» How to complete this task:
Among the entries below, extract exactly the lines that run from the one with "Maschine: TESAR 1,25 MVA 1250KV" through the one with "JEREMY WORST Dubstep", both ends included.

» Material for this exercise:
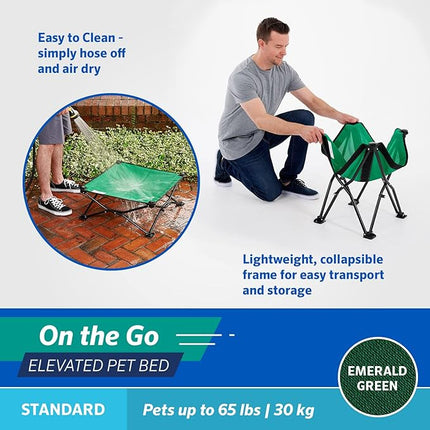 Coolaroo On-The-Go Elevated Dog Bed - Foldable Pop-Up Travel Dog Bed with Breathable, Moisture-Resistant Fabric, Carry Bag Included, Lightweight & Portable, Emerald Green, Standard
---
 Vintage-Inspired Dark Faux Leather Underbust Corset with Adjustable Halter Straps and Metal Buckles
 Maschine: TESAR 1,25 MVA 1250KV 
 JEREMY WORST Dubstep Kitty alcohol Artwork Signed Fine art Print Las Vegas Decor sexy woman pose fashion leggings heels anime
==
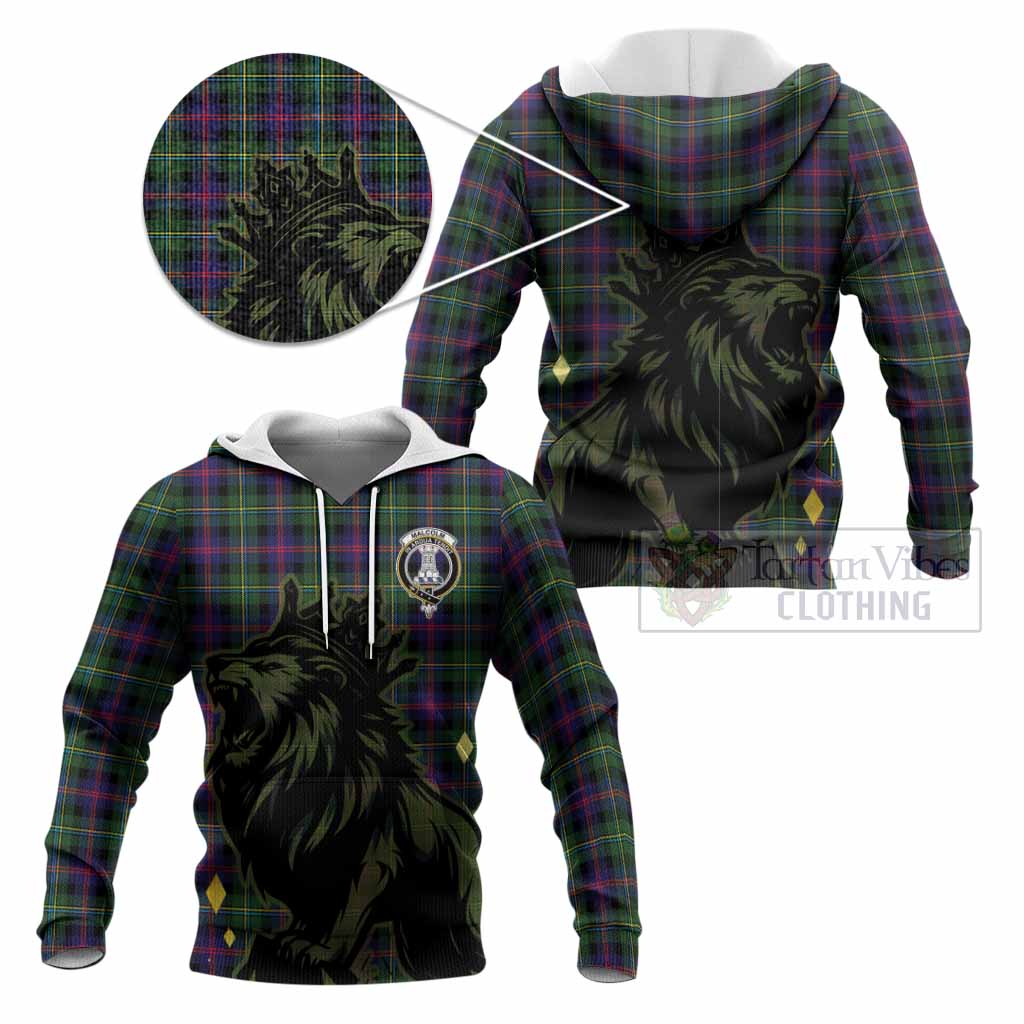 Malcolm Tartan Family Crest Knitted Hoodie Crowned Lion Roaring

» Solution for this exercise:
 Maschine: TESAR 1,25 MVA 1250KV 
 JEREMY WORST Dubstep Kitty alcohol Artwork Signed Fine art Print Las Vegas Decor sexy woman pose fashion leggings heels anime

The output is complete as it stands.